Hello Liz! welcome to coping with epilepsy! Im a 31 year old female with left temporal lobe epilepsy. I was dx'd as an infant and have been taking anti seizure medications since the age of 1. There are alot of great people here! If you have any questions, please feel free to ask!

One way you can reply to posts, is by clicking the reply button at the bottom right hand corner of each post. :)
 
Hi Liz,
Welcome to CWE. You have come to a great place where we all share our experiences with epilepsy (not just people with epilepsy but some members have loved ones with epilepsy). If you have any questions feel free to ask & someone will do their best to help you.

xoloveliz said:
I've never been on this site, let alone a forum, so if there is a thread similar to this and I just created a new one, I apologies. I absolutely have no idea how to edit or create or work anything here. One may say I need assistance, but I thought I'd introduce myself first. So, uh. Yeah. Hi there. Name's Liz, 19, from NY, with Temporal Lobe epilepsy.
Click to expand...
You have put your thread it in the right spot as 'the foyer' is for new members to introduce themselves.

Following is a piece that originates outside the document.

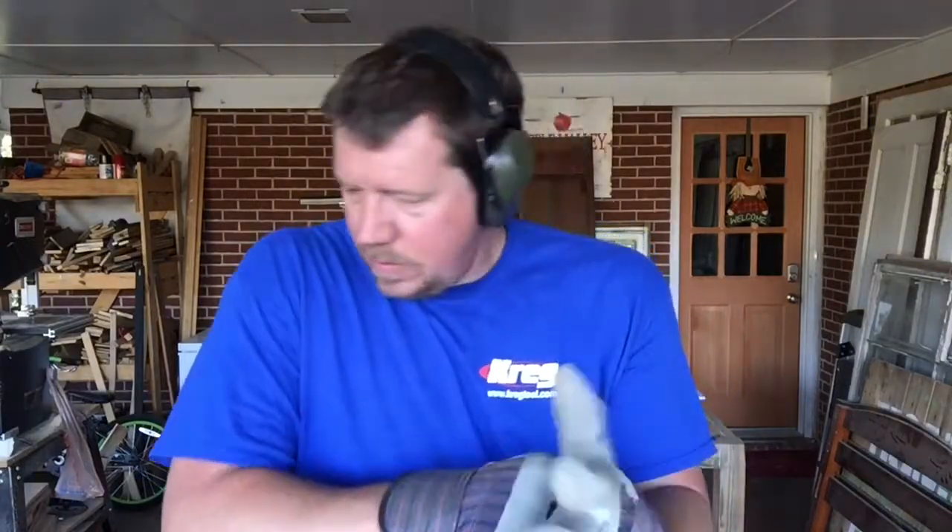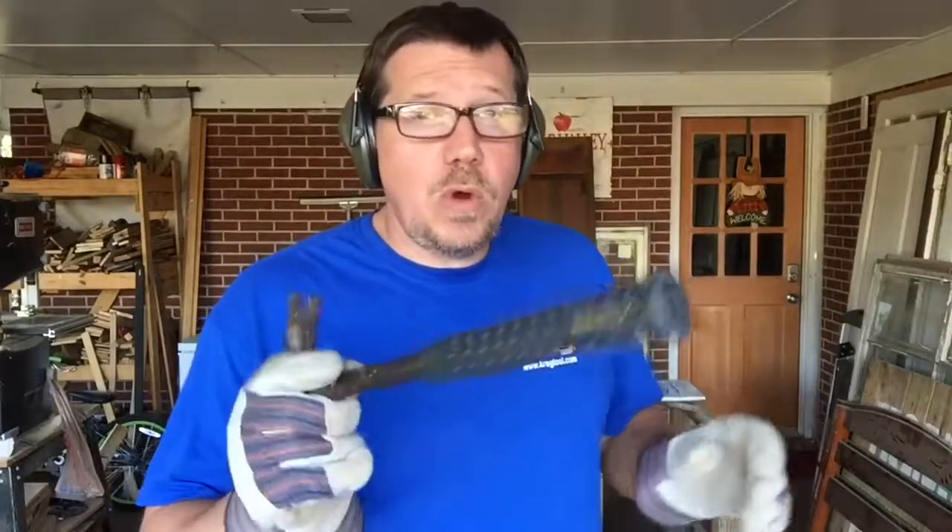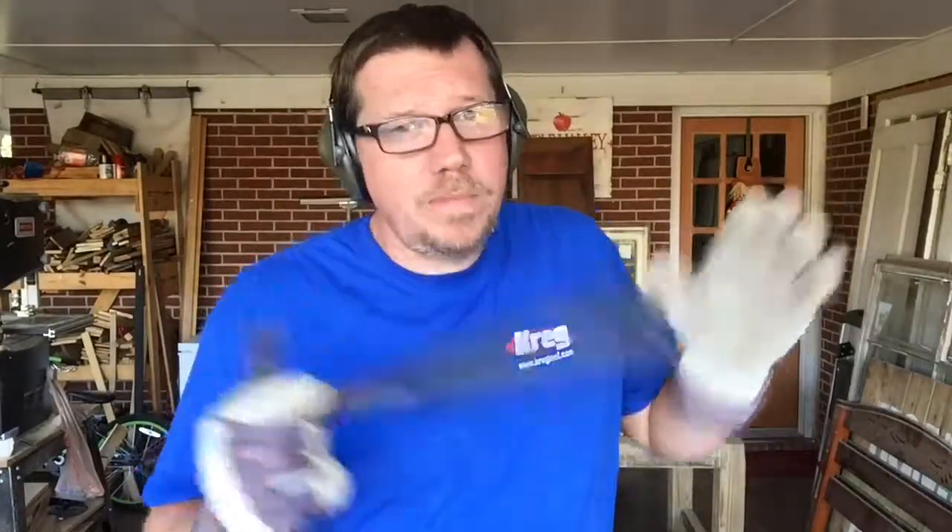Just so you'll know: earmuffs. Gloves, because the stuff will want to cut you and it's kind of nasty too. And my glasses and a hammer. Is this the hammer you're supposed to use? Probably not. This is what we're using and it's doing the job. So here we go.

I have left temporal lobe epilepsy & have had a history seizures for 34 years. I was 1st diagnosed at 9 months & took tonic clonics until I was 3. I went 21 years seizure free until my seizures returned in 2002 when I was 24. After I started taking seizures again I took mainly partial seizures. I am currently almost 2 years seizure free :).
 
Hi Liz and welcome! Not to worry, as you can see a lot of us have trouble with spelling and grammar especially following a seizure. There isn't anything that someone here isn't willing to help you with. Hope to see you often!
 
Welcome Liz! One of the first rules of joining an internet forum for the very first time is that you have to give the first member who asks whatever they ask for. Simple, right? So what I would like is a new four wheel drive pickup, either red or blue, with a canopy to protect the recycling bins and the dog and an extended cab so my grandkids will fit.

You do believe me, don't you?

On a slightly more serious note, I was diagnosed with epilepsy when I was 23, but had had small partial seizures for much of my life, though they happened mostly at night and were not really recognized for what they were. The first really big one hit in 1982 so that was when I started on the meds. Epilepsy can be a challenge, but with good meds and a good neurologist and a good support system there's no reason that most people can't have a great life. You have found a good support group here, but sometimes the meds and the neuro can take a little hunting and trial and error.

How long have you had epilepsy?

Again, welcome to the forum!

(I'll go stand in the driveway now and wait for my truck to be delivered.) :)
 
hi liz....i pretty crap to on forums and finding meself aswel...just keep trying that way to learn
 
Hi,

I hope you find this forum to be supportive, a means for great and helpful information.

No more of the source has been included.